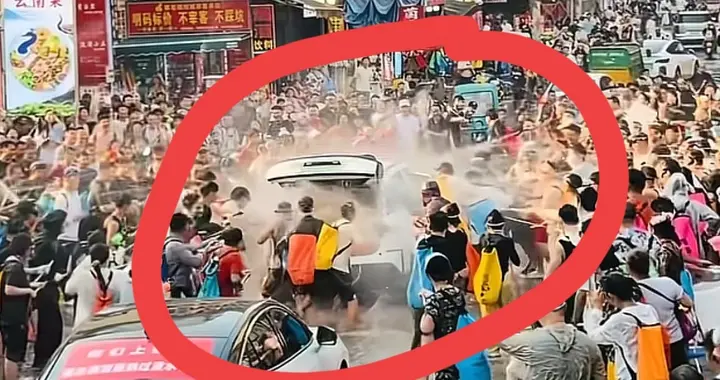 暴力充斥着整个泼水节，脏了本该纯净的泼水节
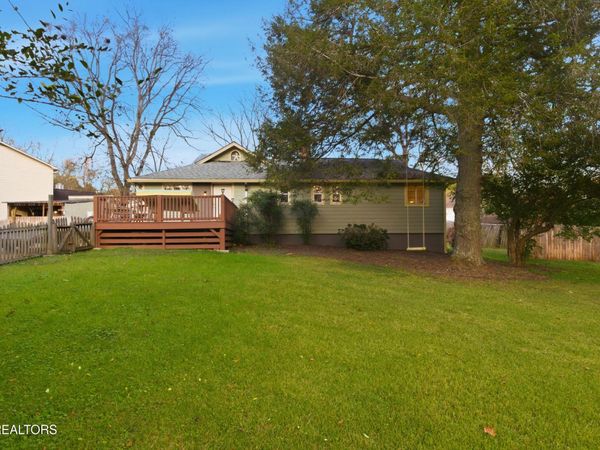 1134 Wallace Rd, Knoxville, TN 37919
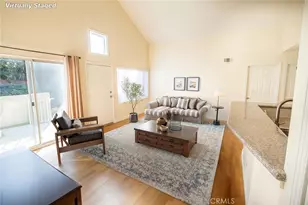 21203 Trumpet, Newhall, CA 91321 - Photo 4
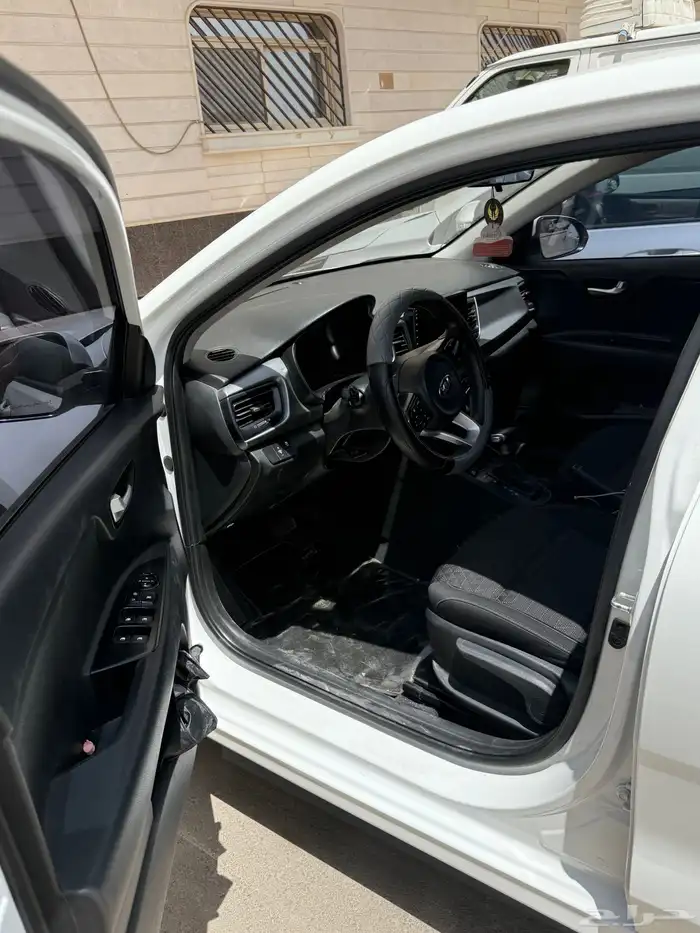 كيا ريو 2021 11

......

=== Task statement ===
What you return should be only the lines from the line with "1134 Wallace Rd, Knoxville, TN 37919" through the last line of the listing above, exactly, both ends included, pictures excluded.

=== Answer to this exercise ===
 1134 Wallace Rd, Knoxville, TN 37919
 21203 Trumpet, Newhall, CA 91321 - Photo 4
 كيا ريو 2021 11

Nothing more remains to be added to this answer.